Jones is also a player that the Green Bay Packers can use heavily on special teams where he can be an impact player on both kickoffs and on punts.

Overall, Jones brings versatility to this defense which defensive coordinator Mike Pettine covets and he has the potential to make some plays when he is on the field.

Perhaps it was coach Matt LaFleur after the Packers’ first mini-camp practice who summed up best what Jones can bring to this team:

"“I think he’s a versatile guy. He can fill a lot of roles, especially in Pettine’s defense where we’re going to play multiple defensive backs and put these guys all over the place. He’s a talented young player that I think can help us.”"

Moving on to reason number two that the Green Bay Packers shouldn’t trade Jones just yet is that he is in no position to make this demand.

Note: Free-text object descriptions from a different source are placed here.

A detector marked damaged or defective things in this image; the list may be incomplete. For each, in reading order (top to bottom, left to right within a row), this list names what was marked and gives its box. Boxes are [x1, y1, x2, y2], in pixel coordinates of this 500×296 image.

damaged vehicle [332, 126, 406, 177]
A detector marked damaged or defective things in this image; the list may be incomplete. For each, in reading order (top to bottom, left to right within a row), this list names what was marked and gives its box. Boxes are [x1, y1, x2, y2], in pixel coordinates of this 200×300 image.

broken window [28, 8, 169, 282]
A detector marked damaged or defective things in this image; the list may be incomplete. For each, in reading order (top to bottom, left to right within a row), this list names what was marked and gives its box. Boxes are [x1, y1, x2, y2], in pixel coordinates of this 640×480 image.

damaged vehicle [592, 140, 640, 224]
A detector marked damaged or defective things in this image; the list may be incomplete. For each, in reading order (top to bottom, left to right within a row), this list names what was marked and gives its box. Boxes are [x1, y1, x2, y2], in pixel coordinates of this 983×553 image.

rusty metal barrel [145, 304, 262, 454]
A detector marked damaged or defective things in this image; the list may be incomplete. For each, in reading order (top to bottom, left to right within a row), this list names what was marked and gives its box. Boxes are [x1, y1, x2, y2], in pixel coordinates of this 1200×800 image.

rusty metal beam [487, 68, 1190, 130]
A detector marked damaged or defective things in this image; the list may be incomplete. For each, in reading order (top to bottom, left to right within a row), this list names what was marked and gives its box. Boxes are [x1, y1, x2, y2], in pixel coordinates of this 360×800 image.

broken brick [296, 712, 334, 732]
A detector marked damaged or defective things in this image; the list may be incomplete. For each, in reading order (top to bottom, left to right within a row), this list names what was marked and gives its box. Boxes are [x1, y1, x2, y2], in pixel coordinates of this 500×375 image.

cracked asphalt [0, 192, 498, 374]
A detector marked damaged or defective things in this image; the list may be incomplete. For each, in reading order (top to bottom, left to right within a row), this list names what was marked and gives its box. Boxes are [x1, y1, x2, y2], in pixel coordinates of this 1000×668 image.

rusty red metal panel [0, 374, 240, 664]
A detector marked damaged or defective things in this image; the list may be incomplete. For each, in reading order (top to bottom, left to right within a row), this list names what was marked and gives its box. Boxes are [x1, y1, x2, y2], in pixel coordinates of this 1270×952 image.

For one, he hasn’t performed nearly well enough to command a huge, if really any trade market. And in 2019, Jones’ carries a cap hit of only $1.15 million, meaning, if he continues to sit out through training camp and into the preseason, financially there is very little impact on the Packers.

By no means do I expect Jones to go this route because as an unproven player in this league, he’s only hurting his career by sitting out for an extended period of time.

Really the only choice that Jones has is to lace ’em up and go perform to the best of his ability at whatever roles the Packers place him in.

If he is able to make some noise in training camp and in the preseason, he is giving himself the opportunity to earn more playing time in Green Bay, which is what he wants. However, if GM Brian Gutekunst decides that the fit here just doesn’t make sense anymore, then Jones has at least helped his trade value.

There is a scenario that I can see where if Jones is underperforming or isn’t fitting in with the defensive scheme, that Gutekunst could trade him before the deadline as he did with Clinton-Dix last season to at least get a draft pick for him, knowing that he is likely gone in 2020.

Next. Defense, it is time!. dark

But until then, the Green Bay Packers should hold tight because Jones can still provide value to this team in multiple facets with his versatility and eventually Jones will have no other options but to participate in team activities.